Today we loaded cattle. On the way to market a tire just purchased and only having about 400 miles on it blows on the cattle trailer. Then after another 25 miles the second tire goes same use. Dan left at 11:00am and just got to the market at 4:00pm; it is usually a 2 1/2 hour trip. Both tires had just been bought from the local farm supply. Guess what? they were made in China. That is it; I am not buying anything of any importance that has been made or packaged in China.
Barbara, I feel your frustration, but I must say I don't think its fair to blame one region of the world per se. I blame a modernistic attitude to be honest with you...corporate greed.
I don't think it really matters what country a product derives from, there is this ever increasing process that cheapens the product until its at near failure to reduce the production cost while maximizing profit. Its not just tires and tools, but everything. With China exporting a lot of their products, and being so big as it is, its only natural that they are going to seem like the villain when in fact no country is immune from this corporate epidemic of cheapening products and paying investors top dollar for lousy products.
As consumers we are not any better really. We want cheap, disposable products that do a purpose, then are tossed away and easily replaced. Nothing is serviceable because we won't pay for such a thing. Why fix when we can replace? The corporations are really just giving us what we demand.
In the past 2 months, the world financial debacle may change that, both for corporations and for us. Myself I would love to see us revert to something called true value, where a products life is measure in years instead of money saved at purchase. If the financial markets are at 7 decade lows, then my Grandmother tactics from the 1930's may be what we do in the ensuing years. I watch her wash sandwich baggies and reuse tin foil, save food scraps from my sheep and in short...just plain lets nothing go to waste.
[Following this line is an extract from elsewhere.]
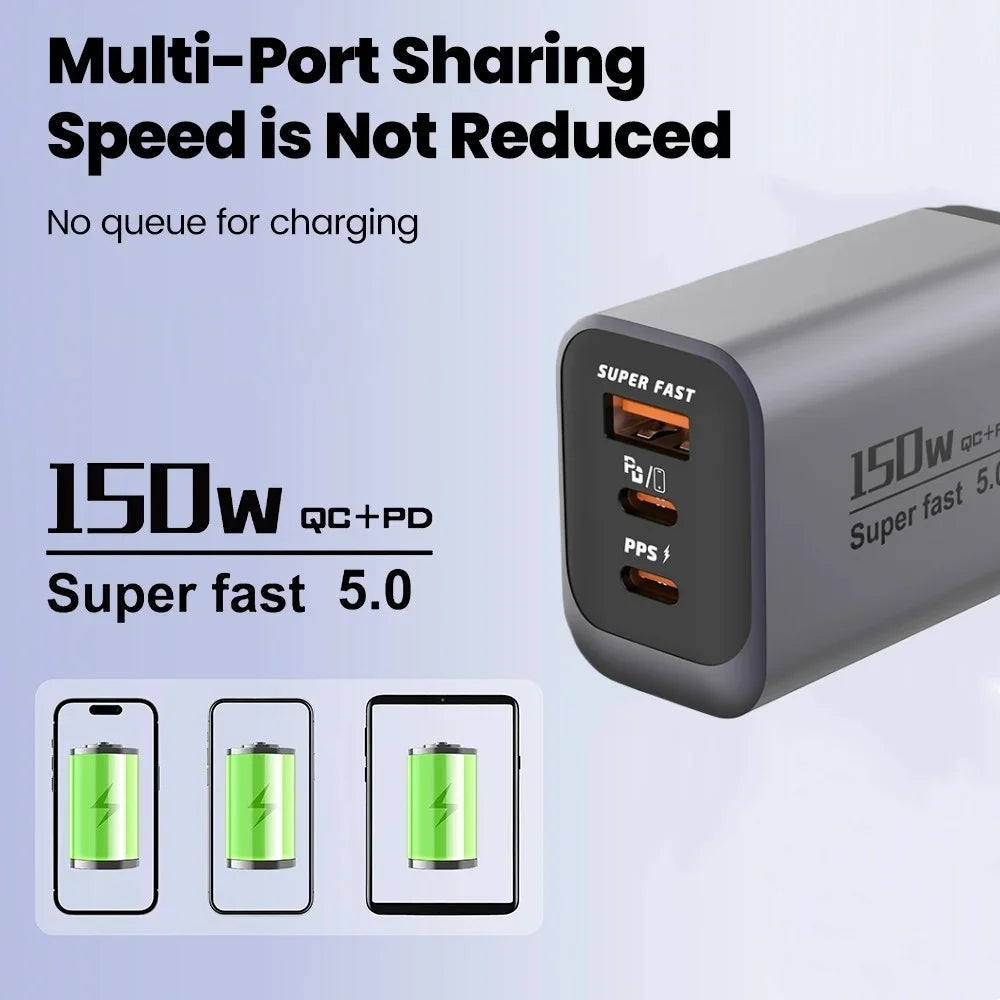 ChargeForce 150™ – Extreme power to charge all your devices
If my own woodworking shop is illustrative its that the tools in my shop average out to a age of 50 years old. They were serviceable and repairable...even the ones built during the civil war (18 inch jointer). I remember one guy in Fine HomeBuilding who said his tactic was to buy a cheap tablesaw at every home he built and just leaving it for the homeowner because it was wiped out after the job. He simply passed the cost onto the homeowner in his build. I'm betting his tactics have changed in today's tight housing market, and if not, he's no longer building houses. That attitude just has to change. Ultimately its us consumers who drive the quality of products we get. Once we stop buying based on price, and buy according to real value, the corporations will likewise build what we are buying.